The Backtracking Problem
Java’s java.util.regex uses an NFA (Nondeterministic Finite Automaton) with backtracking. When a match fails partway through, the engine backtracks and tries alternative paths. With nested quantifiers like ([a-zA-Z0-9]+)+ the number of paths explodes exponentially.
The input aaaaaaaaaaaaaaaaaaaaaaaaaaaaaaaaa! has 33 characters. The regex engine will try somewhere around 2³³ combinations before giving up—about 8 billion operations for a single validation call.
The Fix
There’s a different kind of regex engine called RE2 that Google built. It uses a DFA (Deterministic Finite Automaton) which guarantees linear‑time matching. No matter how evil the pattern or input, it finishes in O(n) time where n is the input length.
I’ve been working on a Java validation library called Rules that bundles a patched fork of RE2J (the Java port of RE2). The fork includes fixes for some vulnerabilities found in the original implementation.

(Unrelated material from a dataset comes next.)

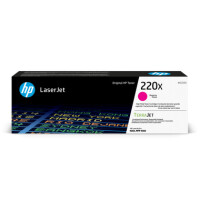 HP W2203X Toner 220X magenta / ca. 5.500Seiten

Rule email = StringRules.matches(
"^[a-zA-Z0-9._%+-]+@[a-zA-Z0-9.-]+\\.[a-zA-Z]{2,}$"
);
ValidationResult result = email.validate(userInput);
if (result.isValid()) {
// safe to use
}
Same pattern, but now it can’t be weaponized. The underlying RE2J engine simply won’t allow catastrophic backtracking because it doesn’t backtrack at all.
What Else Can Go Wrong
HashDoS
Attackers can craft keys that all hash to the same bucket, turning your O(1) HashMap lookups into O(n). The library includes SecureHashMap, which uses SipHash‑2‑4 with random keys to prevent this.
Timing Attacks
Comparing secrets with equals() leaks information through timing differences. Character‑by‑character comparison bails early on mismatch, allowing attackers to guess passwords one character at a time. The library provides constant‑time comparison functions.

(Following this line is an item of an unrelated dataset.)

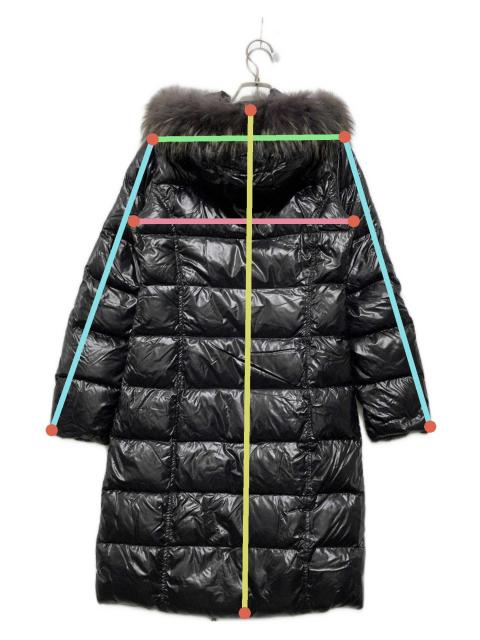 中古・古着通販】DUVETICA (デュベティカ) ファー付ダウンコート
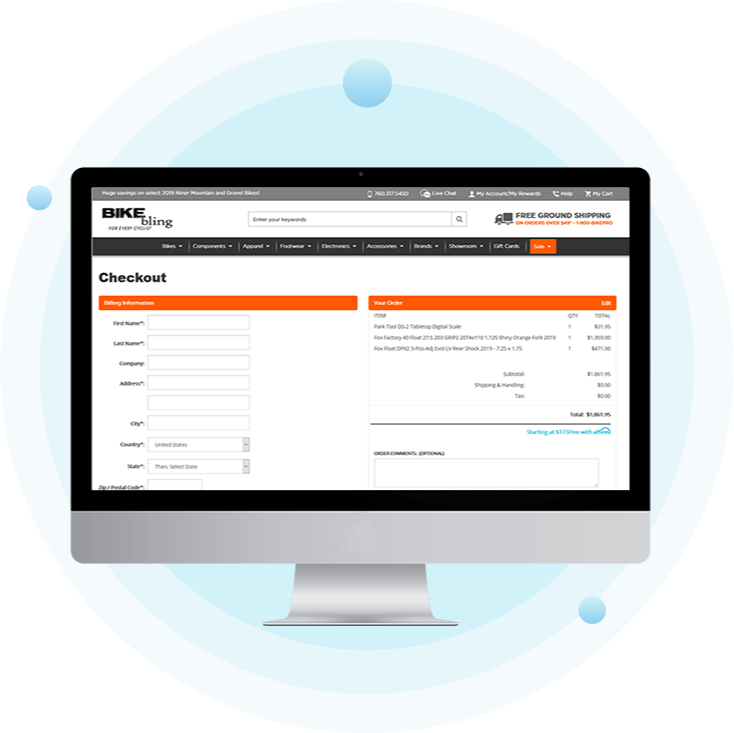Affirm Buy Now, Pay Later (BNPL) Solutions Partner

Stack Overflow via Recursion
Self‑referential data structures can blow your stack during validation. The library tracks depth and detects cycles.
Quick Example
Validating a user registration with multiple rules composed together:
Rule username = Rules.all(
StringRules.notBlank(),
StringRules.lengthBetween(3, 20),
StringRules.matches("^[a-zA-Z0-9_]+$")
);
Rule password = Rules.all(
StringRules.minLength(12),
StringRules.matches("[A-Z]"),
StringRules.matches("[a-z]"),
StringRules.matches("[0-9]")
);
username.validate("user_dev").isValid(); // true
password.validate("SecurePass123").isValid(); // true
Getting It
Maven
io.github.xoifaii
rules
1.0.0
Or clone from the GitHub repository if you want to poke around. Full API docs are in the wiki. The RE2J fork is bundled and has zero external dependencies.
If you have a public‑facing Java app doing input validation with regex, it’s worth checking whether your patterns are vulnerable. Tools like recheck can analyze patterns for ReDoS, which is very useful.
Or just use an engine that makes the problem impossible in the first place.